What to do: In the listing below, locate the line containing "Pojemnik do sosów" and the line containing "Gabbeh Teppich - Perser". Output both of them and every line between, exactly as written, and nothing more.

Records for the exercise:

-*-

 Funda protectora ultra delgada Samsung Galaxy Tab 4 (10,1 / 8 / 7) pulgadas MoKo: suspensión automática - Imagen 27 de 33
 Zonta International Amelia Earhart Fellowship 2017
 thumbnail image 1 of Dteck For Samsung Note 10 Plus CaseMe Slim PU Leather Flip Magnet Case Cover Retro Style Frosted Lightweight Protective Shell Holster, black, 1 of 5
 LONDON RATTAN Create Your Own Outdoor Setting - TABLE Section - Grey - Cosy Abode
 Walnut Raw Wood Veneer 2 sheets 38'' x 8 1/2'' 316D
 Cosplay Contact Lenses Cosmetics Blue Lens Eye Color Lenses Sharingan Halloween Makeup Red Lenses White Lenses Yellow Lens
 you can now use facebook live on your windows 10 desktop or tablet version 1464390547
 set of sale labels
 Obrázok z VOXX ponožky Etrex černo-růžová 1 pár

-*-

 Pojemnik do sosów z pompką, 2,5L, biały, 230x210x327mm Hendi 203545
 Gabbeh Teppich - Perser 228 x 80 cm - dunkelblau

-*-

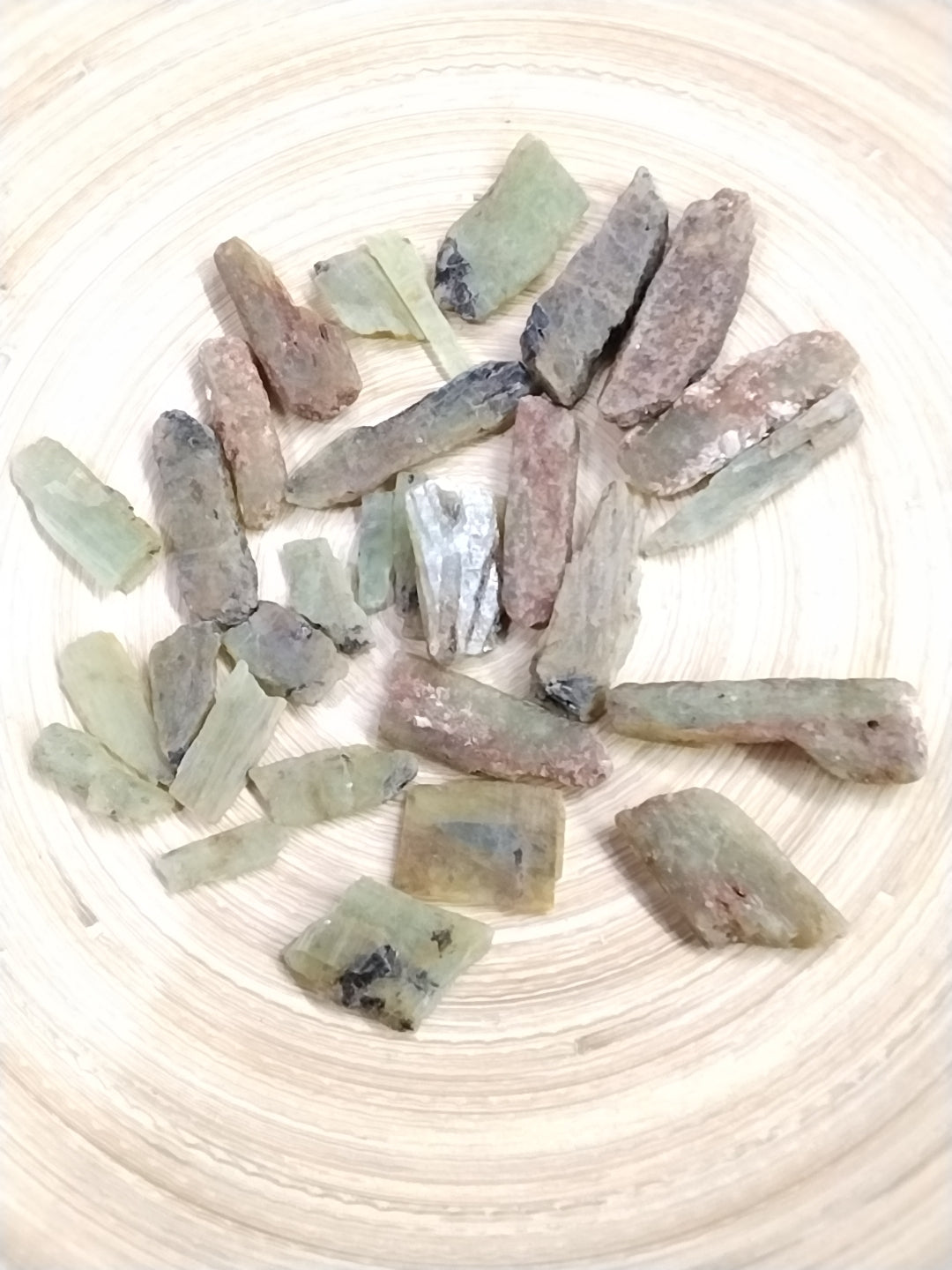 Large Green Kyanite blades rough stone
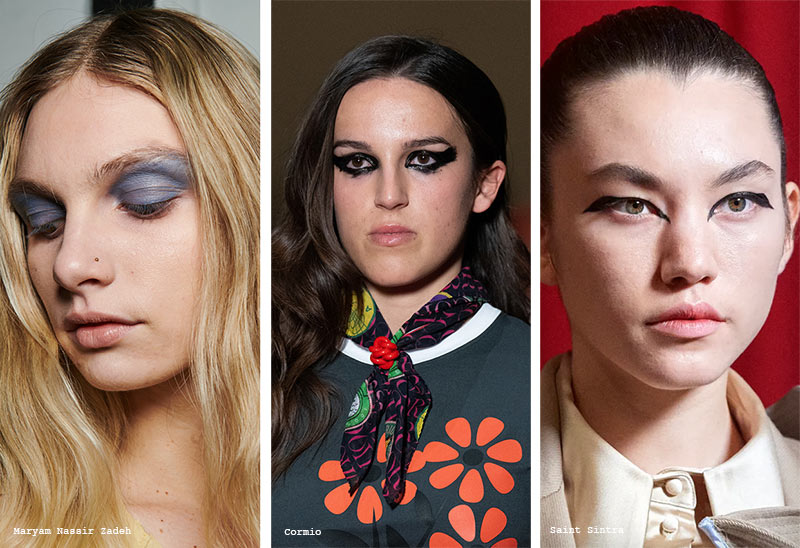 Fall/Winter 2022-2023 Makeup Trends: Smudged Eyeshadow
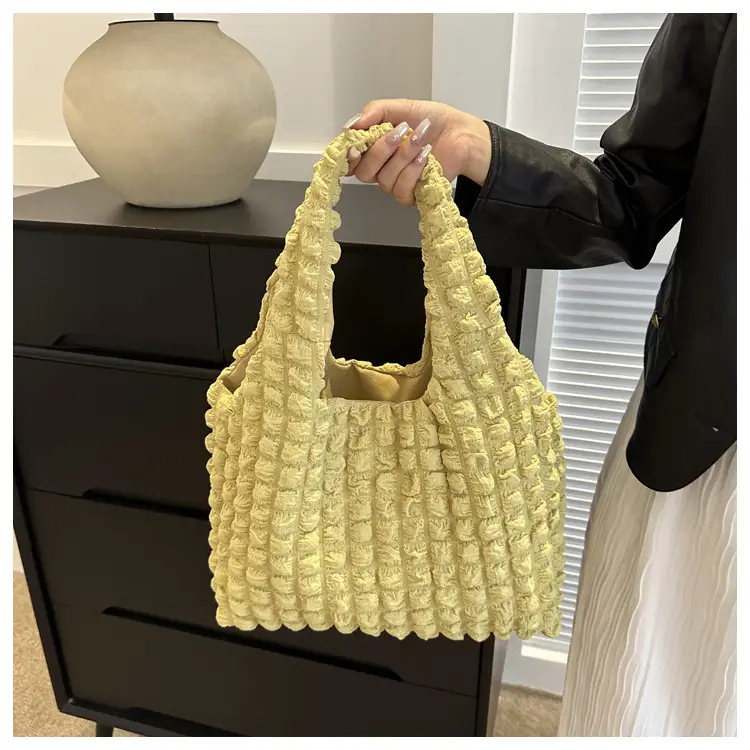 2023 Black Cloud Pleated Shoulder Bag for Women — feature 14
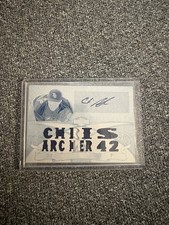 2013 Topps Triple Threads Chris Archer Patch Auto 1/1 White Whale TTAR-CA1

-*-

Expected answer:
 Pojemnik do sosów z pompką, 2,5L, biały, 230x210x327mm Hendi 203545
 Gabbeh Teppich - Perser 228 x 80 cm - dunkelblau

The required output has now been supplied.